Does the SmartArray have such a feature? If so, how can this be invoked.
Re: SmartArray RAID 5 stripe consistency check
发表于 : 2012年 5月 18日 14:35 星期五
由 YAN
The Smart Array controllers have this feature and it is actively working in the background.
Whenever the controller is idle it is actively scanning the entire array from beginning to end, the going back to the start and repeating.
Unfortunately on an active array it can take some time to get all the way through if it is constantly being interrupted by IO.
The controller will wait a set amount of idle time before continuing the scan, and on a busy array it might not reach that idle time often enough.
To help mitigate this somewhat you can set the Surface Scan Delay value in the Controller Settings in ACU.
Setting this value lower can negatively affect performance although I believe it would be minimal.
Re: SmartArray RAID 5 stripe consistency check
发表于 : 2012年 5月 18日 14:37 星期五
由 MUDBOY
The Smart Array controllers have a feature called Dynamic Sector Repair.
From the SmartArray controller tech brief:
Dynamic sector repair
Under normal operating conditions and over time, disk drive media can develop defects caused by variances in the drive mechanisms. To protect data from media defects, HP built a dynamic sector repair feature into Smart Array controllers.
During inactive periods, Smart Array controllers configured with a fault-tolerant logical drive perform a background surface analysis, continually scanning all drives for media defects. During busy periods, Smart Array controllers can also detect media defects when accessing a bad sector.

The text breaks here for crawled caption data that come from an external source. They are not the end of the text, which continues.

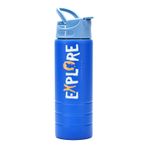 Paslanmaz 304 Çelik Matara Pipetli Motivasyon Matarası Suluğu 304 Çelik Suluk Mavi 750 Ml 1156 Mavi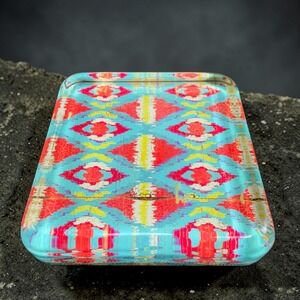 Vibrant Ikat Diamond Glass Decoupage Paperweight Turquoise Yellow Square Boho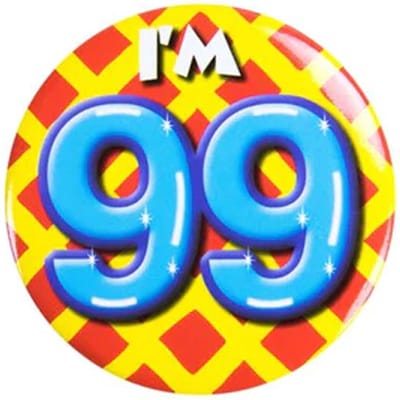 Button 99 Jaar - Button met speld (55mm) - Leeftijd badge - 99 Jaar versiering - Accessoires - Rozet I'm 99 - Verjaardag jongen / meisje / man / vrouw - Button 99 Jaar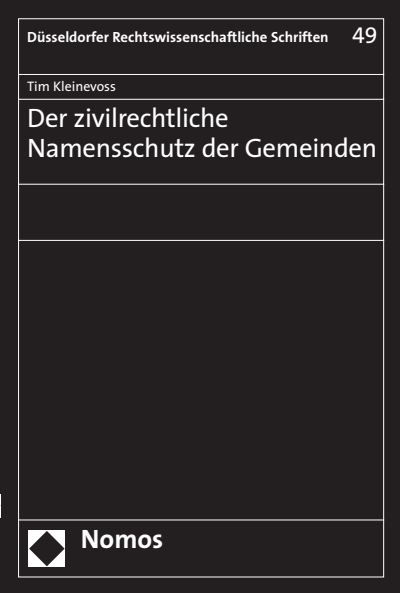 Cover des Buchs: Der zivilrechtliche Namensschutz der Gemeinden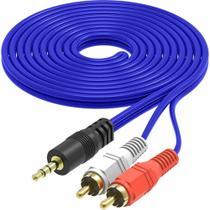 cabo auxiliar p2 x 2 rca 1,5 mt azul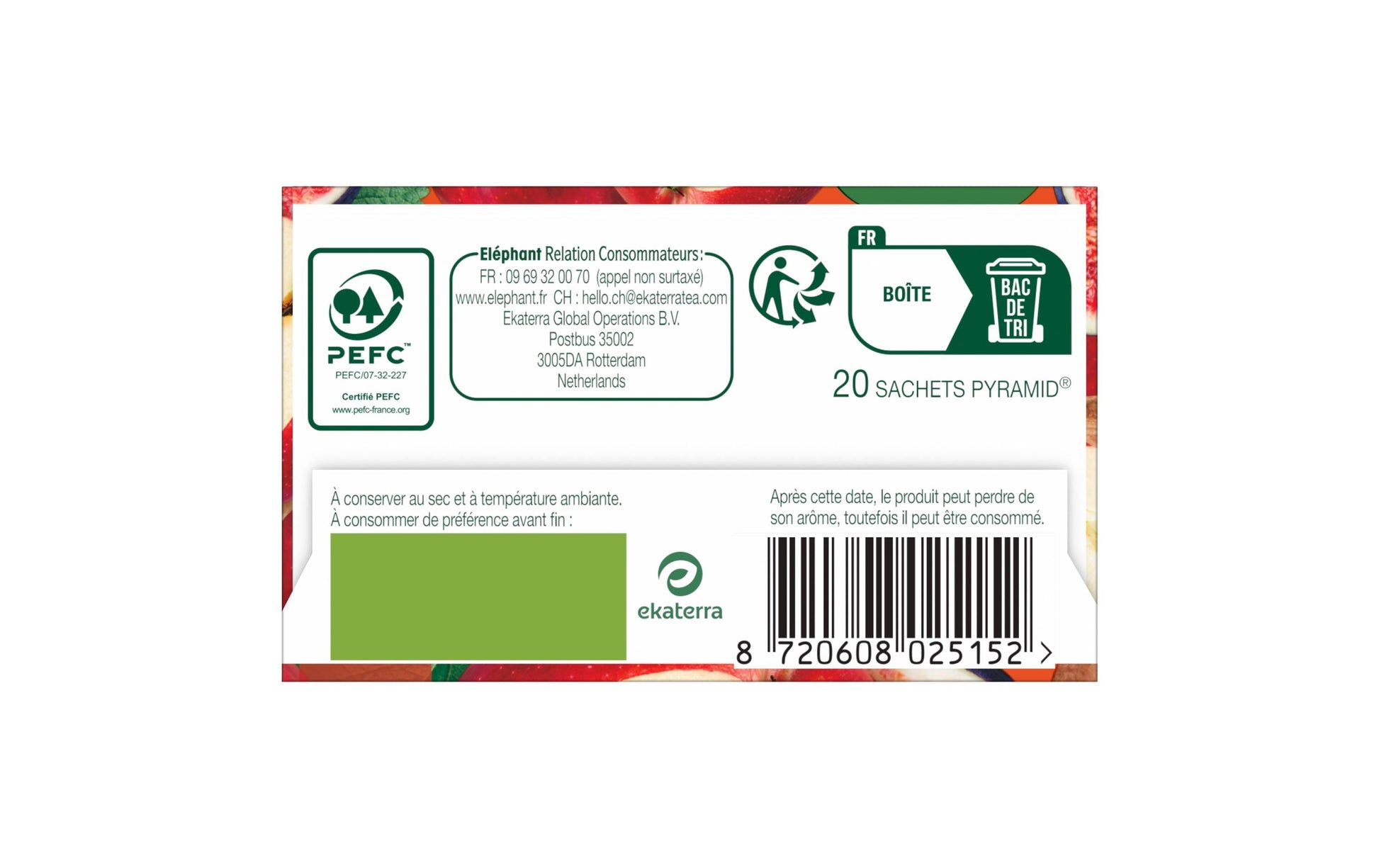 Eléphant Früchtetee Apfel & Zimt – Teebeutel 30 Beutel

If a Smart Array controller finds a recoverable media defect, the controller automatically remaps the bad sector to a reserve area on the disk drive. If the controller finds an unrecoverable media defect and a fault-tolerant logical drive is configured, the controller automatically regenerates the data and writes it to the remapped reserved area on the disk drive.
This is where this feature is configured in ACU:
ACU.png
The surface analysis process can be monitored via ADU.

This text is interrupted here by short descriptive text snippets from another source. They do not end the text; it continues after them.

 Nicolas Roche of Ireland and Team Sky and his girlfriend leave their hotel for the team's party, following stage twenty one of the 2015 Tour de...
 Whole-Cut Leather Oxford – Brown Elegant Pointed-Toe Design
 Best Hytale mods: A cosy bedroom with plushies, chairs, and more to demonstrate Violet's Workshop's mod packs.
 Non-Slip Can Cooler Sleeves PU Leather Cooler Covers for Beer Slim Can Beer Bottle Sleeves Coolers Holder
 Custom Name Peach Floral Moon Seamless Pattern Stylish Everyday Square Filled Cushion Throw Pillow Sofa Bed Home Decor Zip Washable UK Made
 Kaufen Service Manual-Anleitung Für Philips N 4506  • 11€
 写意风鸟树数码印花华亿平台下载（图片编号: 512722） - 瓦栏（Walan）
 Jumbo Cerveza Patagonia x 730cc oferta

Make sure the latest SA FW is loaded, HP released SA firmware’s to enhance bad block handling:
eg P400 FW7.22 release notes:
• Note: The Smart Array Firmware allows for early media error detection so Firmware can detect UREs sooner and mark sectors bad. To enable this feature in ACU version 8.60 or later, the end user must set the Surface Scan Analysis Priority to "High".
And finally, depending on the SA model, suggest to use RAID-6 which offers double parity protection and highly reduces the risk of rebuild failures.